◆ **Task brief**: Please reproduce the entries that follow, keeping each word intact.

◆ **Data for this task**:
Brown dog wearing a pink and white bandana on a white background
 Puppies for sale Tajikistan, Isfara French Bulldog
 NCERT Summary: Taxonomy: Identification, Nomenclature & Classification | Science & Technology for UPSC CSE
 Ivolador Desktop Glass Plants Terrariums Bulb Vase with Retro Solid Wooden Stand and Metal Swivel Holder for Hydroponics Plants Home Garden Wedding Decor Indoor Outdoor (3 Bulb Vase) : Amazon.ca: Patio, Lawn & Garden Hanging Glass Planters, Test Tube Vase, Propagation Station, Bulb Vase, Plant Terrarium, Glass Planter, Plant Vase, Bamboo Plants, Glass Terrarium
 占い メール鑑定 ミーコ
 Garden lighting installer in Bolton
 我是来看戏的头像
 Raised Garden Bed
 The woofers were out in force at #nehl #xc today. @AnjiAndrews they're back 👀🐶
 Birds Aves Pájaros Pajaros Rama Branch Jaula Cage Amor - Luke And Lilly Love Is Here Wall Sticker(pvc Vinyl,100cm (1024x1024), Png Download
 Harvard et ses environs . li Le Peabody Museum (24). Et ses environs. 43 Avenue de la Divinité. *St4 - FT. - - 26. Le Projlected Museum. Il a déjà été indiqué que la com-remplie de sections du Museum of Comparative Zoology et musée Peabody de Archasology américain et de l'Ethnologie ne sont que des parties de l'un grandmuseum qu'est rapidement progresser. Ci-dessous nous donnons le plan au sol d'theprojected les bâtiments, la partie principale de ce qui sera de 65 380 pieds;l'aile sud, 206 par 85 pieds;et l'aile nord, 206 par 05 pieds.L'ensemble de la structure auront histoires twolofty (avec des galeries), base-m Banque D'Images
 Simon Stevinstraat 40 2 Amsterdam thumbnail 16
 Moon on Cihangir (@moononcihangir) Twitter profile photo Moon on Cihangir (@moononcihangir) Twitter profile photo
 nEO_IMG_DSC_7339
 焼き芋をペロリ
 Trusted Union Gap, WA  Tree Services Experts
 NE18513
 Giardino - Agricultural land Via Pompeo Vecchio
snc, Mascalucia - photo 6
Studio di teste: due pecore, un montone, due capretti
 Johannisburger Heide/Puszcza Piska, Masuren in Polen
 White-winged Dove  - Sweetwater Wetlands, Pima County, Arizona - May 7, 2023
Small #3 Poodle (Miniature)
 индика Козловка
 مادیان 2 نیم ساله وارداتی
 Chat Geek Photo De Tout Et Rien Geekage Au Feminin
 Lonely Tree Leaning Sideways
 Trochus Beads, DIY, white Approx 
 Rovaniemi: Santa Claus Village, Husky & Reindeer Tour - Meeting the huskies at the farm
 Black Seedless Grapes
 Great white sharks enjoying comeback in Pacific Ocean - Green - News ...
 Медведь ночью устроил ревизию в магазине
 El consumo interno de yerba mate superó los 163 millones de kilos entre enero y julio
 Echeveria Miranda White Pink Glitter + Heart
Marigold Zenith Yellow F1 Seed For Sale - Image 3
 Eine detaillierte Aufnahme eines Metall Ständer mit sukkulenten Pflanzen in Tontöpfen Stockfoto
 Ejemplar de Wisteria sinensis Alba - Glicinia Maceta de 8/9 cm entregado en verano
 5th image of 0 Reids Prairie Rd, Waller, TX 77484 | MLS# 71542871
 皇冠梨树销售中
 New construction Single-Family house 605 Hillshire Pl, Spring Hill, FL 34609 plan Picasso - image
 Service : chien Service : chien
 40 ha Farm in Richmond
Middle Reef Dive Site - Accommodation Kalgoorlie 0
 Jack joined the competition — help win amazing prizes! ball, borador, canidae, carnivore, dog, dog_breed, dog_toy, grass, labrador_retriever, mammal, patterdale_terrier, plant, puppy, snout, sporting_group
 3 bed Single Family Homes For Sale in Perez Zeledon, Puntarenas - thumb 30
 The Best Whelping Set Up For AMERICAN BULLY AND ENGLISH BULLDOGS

◆ **The answer**:
Brown dog wearing a pink and white bandana on a white background
 Puppies for sale Tajikistan, Isfara French Bulldog
 NCERT Summary: Taxonomy: Identification, Nomenclature & Classification | Science & Technology for UPSC CSE
 Ivolador Desktop Glass Plants Terrariums Bulb Vase with Retro Solid Wooden Stand and Metal Swivel Holder for Hydroponics Plants Home Garden Wedding Decor Indoor Outdoor (3 Bulb Vase) : Amazon.ca: Patio, Lawn & Garden Hanging Glass Planters, Test Tube Vase, Propagation Station, Bulb Vase, Plant Terrarium, Glass Planter, Plant Vase, Bamboo Plants, Glass Terrarium
 占い メール鑑定 ミーコ
 Garden lighting installer in Bolton
 我是来看戏的头像
 Raised Garden Bed
 The woofers were out in force at #nehl #xc today. @AnjiAndrews they're back 👀🐶
 Birds Aves Pájaros Pajaros Rama Branch Jaula Cage Amor - Luke And Lilly Love Is Here Wall Sticker(pvc Vinyl,100cm (1024x1024), Png Download
 Harvard et ses environs . li Le Peabody Museum (24). Et ses environs. 43 Avenue de la Divinité. *St4 - FT. - - 26. Le Projlected Museum. Il a déjà été indiqué que la com-remplie de sections du Museum of Comparative Zoology et musée Peabody de Archasology américain et de l'Ethnologie ne sont que des parties de l'un grandmuseum qu'est rapidement progresser. Ci-dessous nous donnons le plan au sol d'theprojected les bâtiments, la partie principale de ce qui sera de 65 380 pieds;l'aile sud, 206 par 85 pieds;et l'aile nord, 206 par 05 pieds.L'ensemble de la structure auront histoires twolofty (avec des galeries), base-m Banque D'Images
 Simon Stevinstraat 40 2 Amsterdam thumbnail 16
 Moon on Cihangir (@moononcihangir) Twitter profile photo Moon on Cihangir (@moononcihangir) Twitter profile photo
 nEO_IMG_DSC_7339
 焼き芋をペロリ
 Trusted Union Gap, WA  Tree Services Experts
 NE18513
 Giardino - Agricultural land Via Pompeo Vecchio
snc, Mascalucia - photo 6
Studio di teste: due pecore, un montone, due capretti
 Johannisburger Heide/Puszcza Piska, Masuren in Polen
 White-winged Dove  - Sweetwater Wetlands, Pima County, Arizona - May 7, 2023
Small #3 Poodle (Miniature)
 индика Козловка
 مادیان 2 نیم ساله وارداتی
 Chat Geek Photo De Tout Et Rien Geekage Au Feminin
 Lonely Tree Leaning Sideways
 Trochus Beads, DIY, white Approx 
 Rovaniemi: Santa Claus Village, Husky & Reindeer Tour - Meeting the huskies at the farm
 Black Seedless Grapes
 Great white sharks enjoying comeback in Pacific Ocean - Green - News ...
 Медведь ночью устроил ревизию в магазине
 El consumo interno de yerba mate superó los 163 millones de kilos entre enero y julio
 Echeveria Miranda White Pink Glitter + Heart
Marigold Zenith Yellow F1 Seed For Sale - Image 3
 Eine detaillierte Aufnahme eines Metall Ständer mit sukkulenten Pflanzen in Tontöpfen Stockfoto
 Ejemplar de Wisteria sinensis Alba - Glicinia Maceta de 8/9 cm entregado en verano
 5th image of 0 Reids Prairie Rd, Waller, TX 77484 | MLS# 71542871
 皇冠梨树销售中
 New construction Single-Family house 605 Hillshire Pl, Spring Hill, FL 34609 plan Picasso - image
 Service : chien Service : chien
 40 ha Farm in Richmond
Middle Reef Dive Site - Accommodation Kalgoorlie 0
 Jack joined the competition — help win amazing prizes! ball, borador, canidae, carnivore, dog, dog_breed, dog_toy, grass, labrador_retriever, mammal, patterdale_terrier, plant, puppy, snout, sporting_group
 3 bed Single Family Homes For Sale in Perez Zeledon, Puntarenas - thumb 30
 The Best Whelping Set Up For AMERICAN BULLY AND ENGLISH BULLDOGS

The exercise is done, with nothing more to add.